To me, the word “Plantagon” summons up a word that has very different connotations, “Pentagon.” When we Americans hear the word Pentagon, we think immediately of military force and the way American military might has most often been called upon to defend “American interests”—politico-speak for access to resources, principally oil and precious minerals, often at great cost to local people and environments.
Although it may seem counter-intuitive, I find hope in the recent announcement that the Pentagon is now taking climate change into account in its strategic planning, not just for the distant future, but for next week.
In a new report, the Pentagon asserts unequivocally that “climate change poses an immediate threat to national security, with increased risks from terrorism, infectious disease, global poverty and food shortages,” reported Coral Davenport in The New York Times. Whereas “before, the Pentagon’s response to climate change focused chiefly on preparing military installations to adapt to its effects, like protecting coastal naval bases from rising sea levels,” Davenport writes, “the new report…calls on the military to incorporate climate change into broader strategic thinking about high-risk regions — for example, the ways in which drought and food shortages might set off political unrest in the Middle East and Africa.
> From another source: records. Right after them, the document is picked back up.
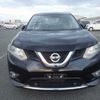 nissan x-trail 2015 22687 image 7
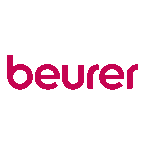 marke-beurer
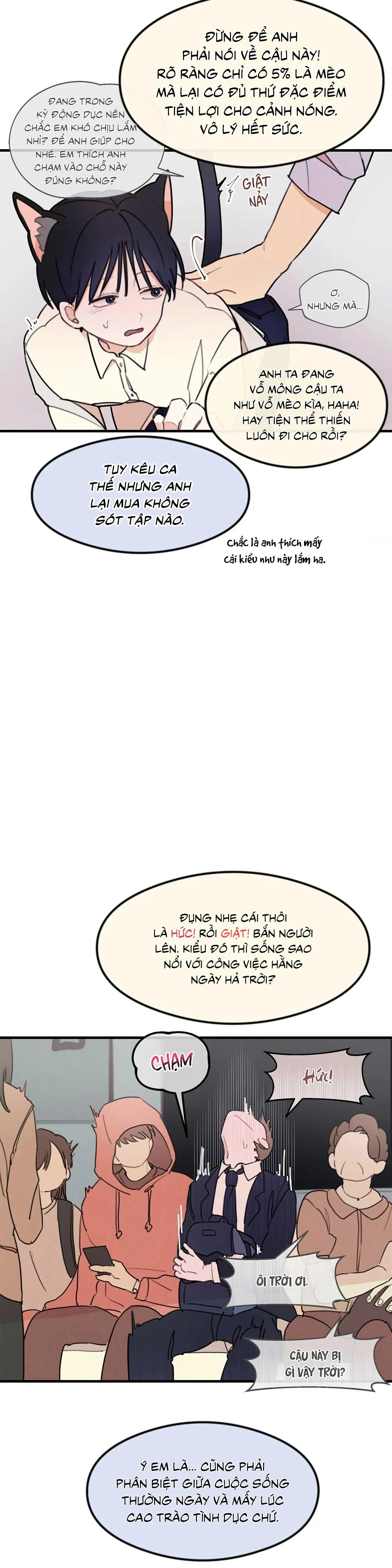 One-Room TA Chapter 8 Trang 9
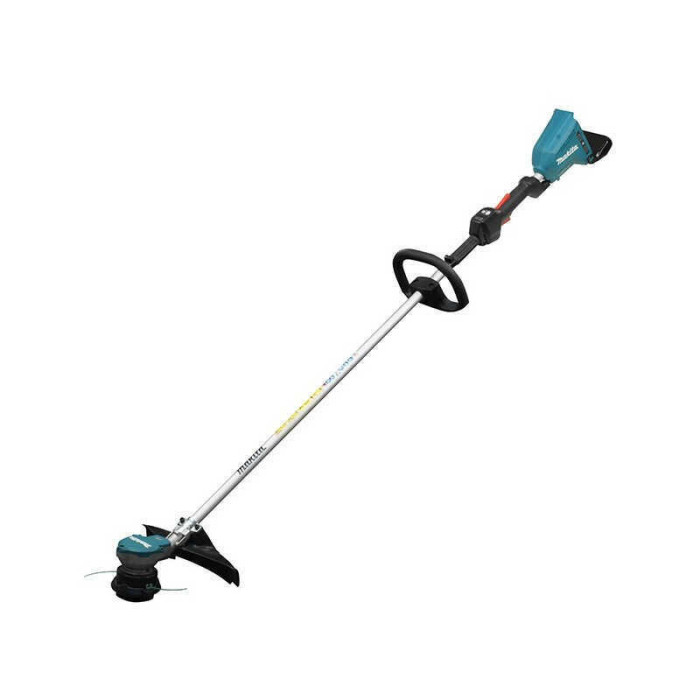Débroussailleuse à batterie Makita DUR364LZ 2 x 18 V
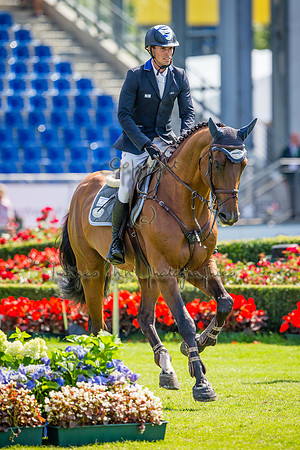 20150820_EKL_0002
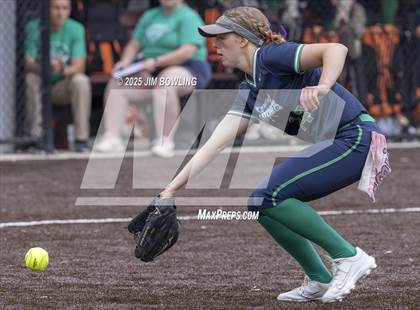 Thumbnail 1 in Windsor/Stewardson-Strasburg @ Champaign Central photogallery.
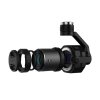 1131 6 dji zenmuse x7 kamera bez objektivu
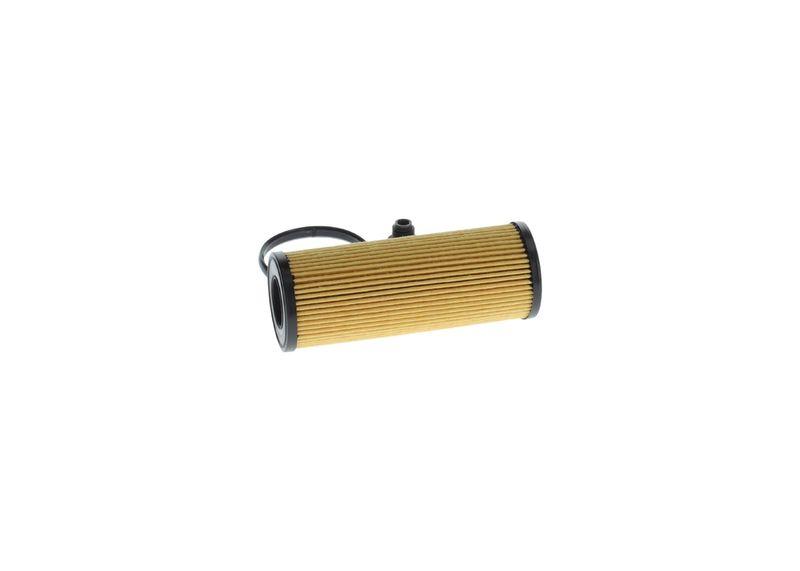 Filtre à huile BOSCH F 026 407 360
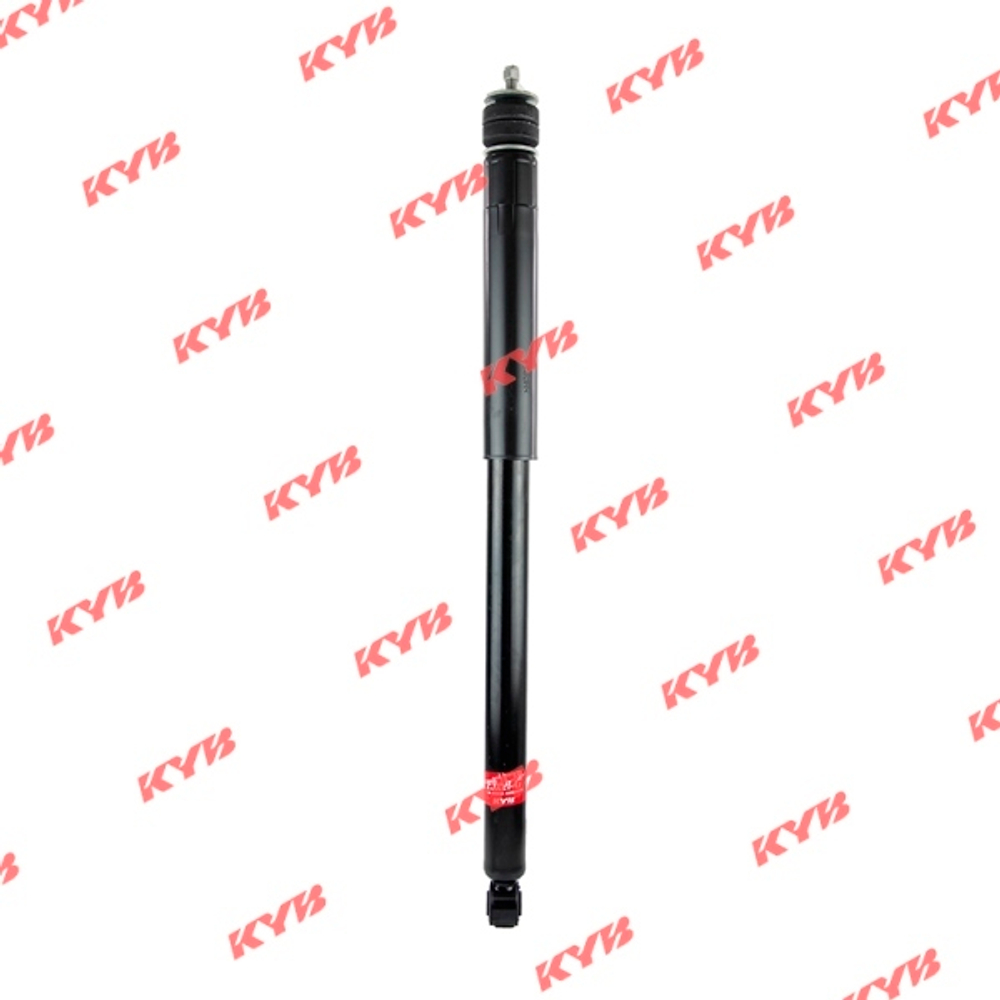Амортизатор газомасляный KYB (R) 343812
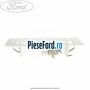Lampa interior plafon Ford Transit 2006-2014 2.2 TDCi 110 cp QVFA diesel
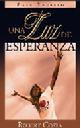 Libro: Una Luz de Esperanza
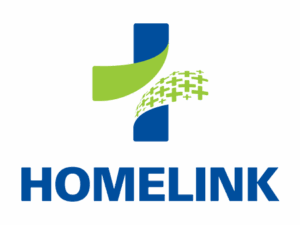 Homelink-Insurance-Sized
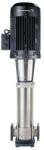 Grundfos CRN 32-2 A-F-A-E-HQQE 3x400D (96122353)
“Experts said that the broadened approach would include considering the role that climate change might have played in contributing to the rise of extremist groups like the Islamic State.”
Well hallelujah! At last the most powerful force in the world is recognizing that climate change is here, it’s real, and it’s already a major destabilizing factor in world politics.
The challenge now will be to see if civil society can exert enough pressure on the military to get them thinking in proactive ways, rather than being a reactionary, often highly destabilizing force in the world.
Why can’t we use the wealth and resources of the U.S. military-industrial complex to support and sustain life on the planet?
Let’s get those military planners, along with the big boys at the World Bank, IMF and the U.S. Congress to understand that building schools and investing in sustainable agriculture and distributed energy networks is a far smarter and saner use of funds than blowing things up and rebuilding them (which has been our strategy in the Middle East over the past decade).
I see glimmers of hopeful light behind many of the dire stories in the news right now. We need to focus on those flickers of consciousness, blow on them gently and encourage them to grow brighter and stronger.
Hope is a verb, and we do it together. I’m working on it; how about you?